His Democrat counterpart on the committee, Sen. Mark Warner, D-Va., admitted in an interview with CNBC that he brought an approach to China that has turned out to be mistaken.
“I used to be a part of the more general consensus: the more you bring China within the [World Trade Organization] … every part’s going to come back along,” Warner said. “And that presumption that we were all working on, that the closer all of us come together, it is going to be kumbaya, I believe has proven to be factually mistaken.”
“China’s Corporate Spy War” details an FBI sting operation that took down Chinese Ministry of State Security officer Xu Yanjun, a spy who targeted employees at icons of the U.S. aerospace industry, including GE, Boeing and Honeywell.
In 2017, Xu Yanjun pursued an engineer at GE Aviation who had precious knowledge of the corporate’s jet engine composite fan blade technology. Posing as an educational official and using a fake name, Xu was introduced to the GE engineer who was visiting Nanjing, China, to present a speech at a prestigious university. Xu began a pressure campaign to get the engineer, who had family in China, to disclose an increasing number of information in regards to the engine tech the Chinese government had targeted.
However the FBI discovered the GE engineer’s travel and alerted GE, which confronted the engineer in a dramatic meeting at the corporate’s Cincinnati offices. FBI agents presented the engineer with a stark alternative: He could face the implications for his actions to this point, or he could cooperate with U.S. law enforcement in an operation to show the Chinese operation.

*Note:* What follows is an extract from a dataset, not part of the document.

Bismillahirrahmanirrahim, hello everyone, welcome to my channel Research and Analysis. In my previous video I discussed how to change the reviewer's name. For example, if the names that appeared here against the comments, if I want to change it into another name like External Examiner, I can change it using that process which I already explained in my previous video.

When the engineer agreed to cooperate, he became a double agent — working for the FBI against the Chinese spies.
Decorated 31-year CIA veteran James Olson, the agency’s former chief of counterintelligence, called the operation a textbook double agent operation. U.S. intelligence must be running more double agents back against Chinese intelligence with a view to frustrate their efforts to collect American secrets, he added.
China’s embassy issued the next statement to CNBC:
The Chinese government has never participated in or supported anyone in any form in stealing business secrets. Some people and institutions within the US have been making false accusations. We ask the US side to handle the case without bias and in accordance with the law and protect the lawful rights and interests of Chinese residents.

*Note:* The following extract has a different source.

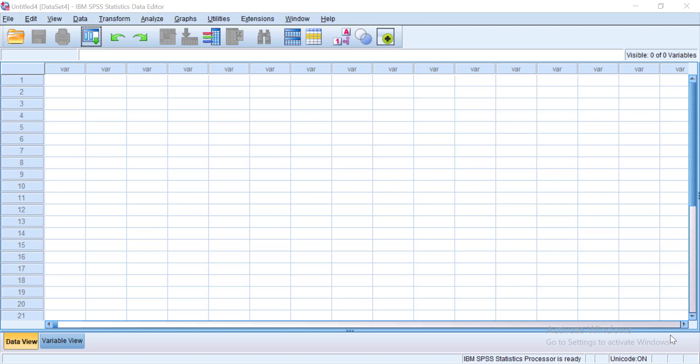In this video, I'm going to show you how to take that Google Form data set and get it into SPSS so you can run your analysis.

These facts show that China stays a preferred destination for foreign investment. The American Chamber of Commerce in South China (AmCham South China) recently released its 2023 White Paper on the Business Environment in China, which noted that greater than 90% of the participating firms select China as one of the crucial vital investment destinations and 75% of the businesses plan to reinvest in China in 2023. It is because China has an enormous market and full-fledged industrial and provide chain networks. It’s also a results of our relentless effort to advance high-level opening up, our support for the multilateral trading system and a market-oriented, world-class business environment governed by a sound legal framework.
This past January saw an influx of foreign investment into China. The paid-in foreign investment reached 127.69 billion yuan, up 14.5% 12 months on 12 months. Foreign firms including US investors have been upbeat in regards to the China market and plan to expand in China. In keeping with statistics from the US Department of Commerce, total trade in goods between the US and China hit a record $690.6 billion in 2022. All this speaks to the incontrovertible fact that trade and investment cooperation between China and the US are mutually useful and win-win. Decoupling and cutting off industrial and provide chains advantages nobody. It has no support and is not going to lead anywhere.

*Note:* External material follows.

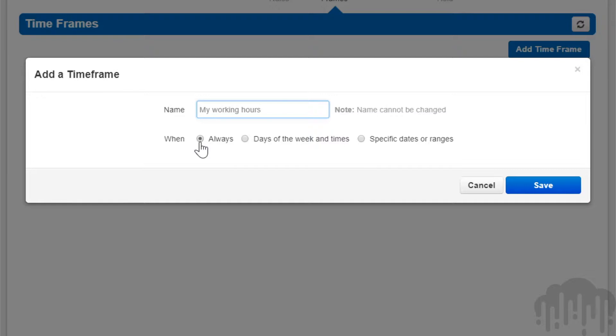Always, which will make this rule always in effect 24 hours a day, seven days a week, 365 days a year.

Regardless of how the international landscape may change, we is not going to waver in our resolve to open wider at a high standard and our determination to share development opportunities with the remainder of the world. We welcome US and other foreign firms to access the Chinese market, share development dividends and work together for a stronger world economy.
Xu Yanjun’s attorney declined CNBC’s interview request. Former GE engineer David Zheng and GE Aerospace also declined to comment.
–CNBC’s Katherine Liu, Bria Cousins, Laura Measher and Wally Griffith contributed to this report.
“China’s Corporate Spy War,” an hourlong CNBC documentary, premieres at 10 p.m. ET Wednesday on CNBC.